Ester Hernandez
From Wikipedia, the free encyclopedia
This article does not cite any references or sources. (October 2006) Please help improve this article by adding citations to reliable sources. Unverifiable material may be challenged and removed. |
Ester Hernandez (born 1944) is a Chicana artist. She is a native of San Francisco, California, where she grew up. She is of indigenous Yaqui and Mexican descent.
Hernandez graduated from the University of California, Berkeley. Soon after graduation, she began to become known for her paintings, many of which depict women's roles in society.

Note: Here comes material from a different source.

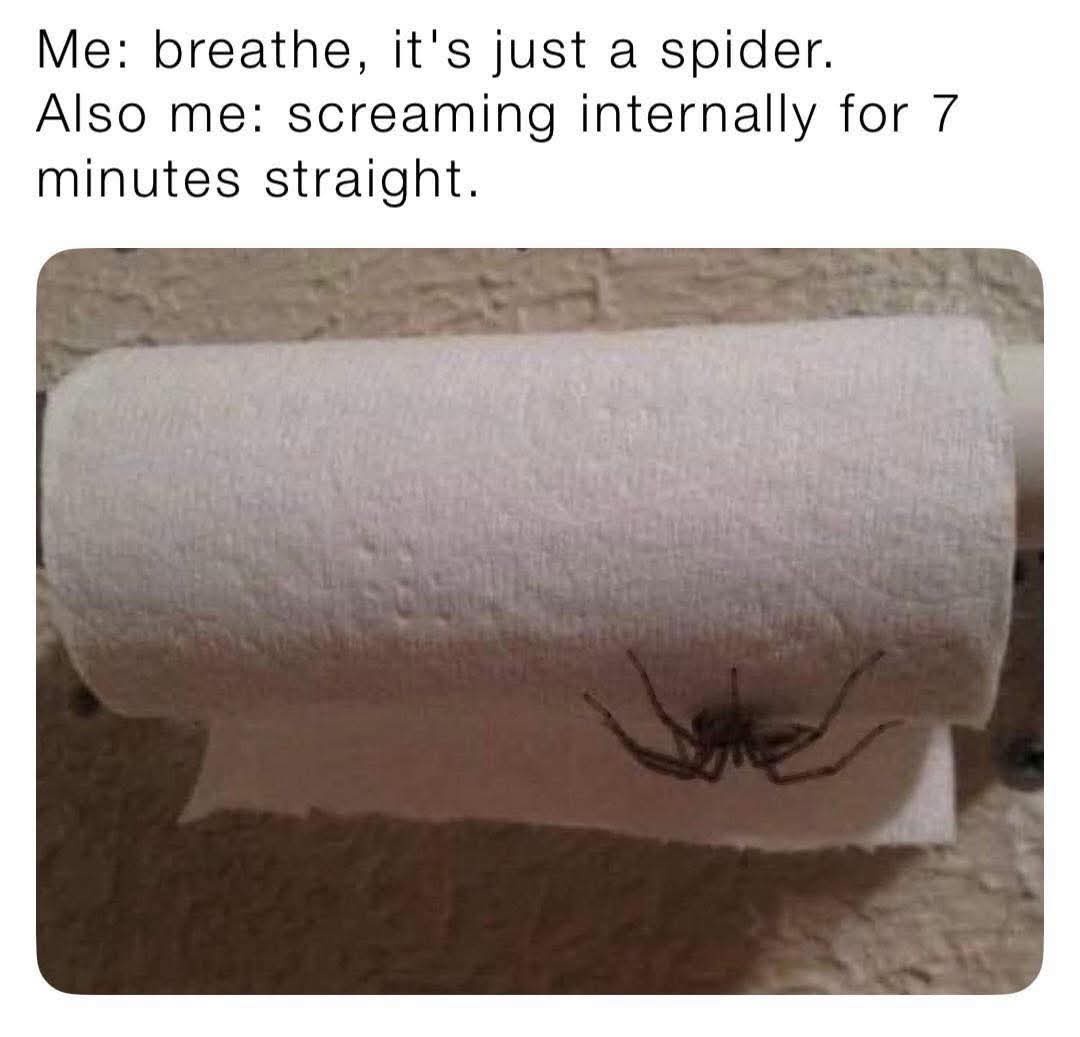 just a spider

In 1983, Hernandez painted an elderly woman of Hispanic or Native American race. This painting was named The Healer. She followed that with 1986's Mis Madres, a drawing where a woman holds the universe on her left hand. In 1987, she painted two well-known works: the Dia de los Muertos-inspired If This is Death, I Like It, which featured a woman carrying a watermelon on her head, and California Special, where a small girl sat next to a bag of food.
Hernandez in 1990 painted Full Moon. In 1995, she dedicated a drawing to Astrid Hadad.
Perhaps Hernandez's best known work[citation needed] is the print Sun Mad, which depicts a female skeleton (calavera) picking up raisins under the sun. This drawing is a parody Sun Maid raisins' logo.
Hernandez's work has been included at the Smithsonian Institution's National Museum of American Art, at the San Francisco Museum of Modern Art, at the Mexican Museums in San Francisco and Chicago and at the Frida Kahlo Studio Museum in Mexico City, Mexico.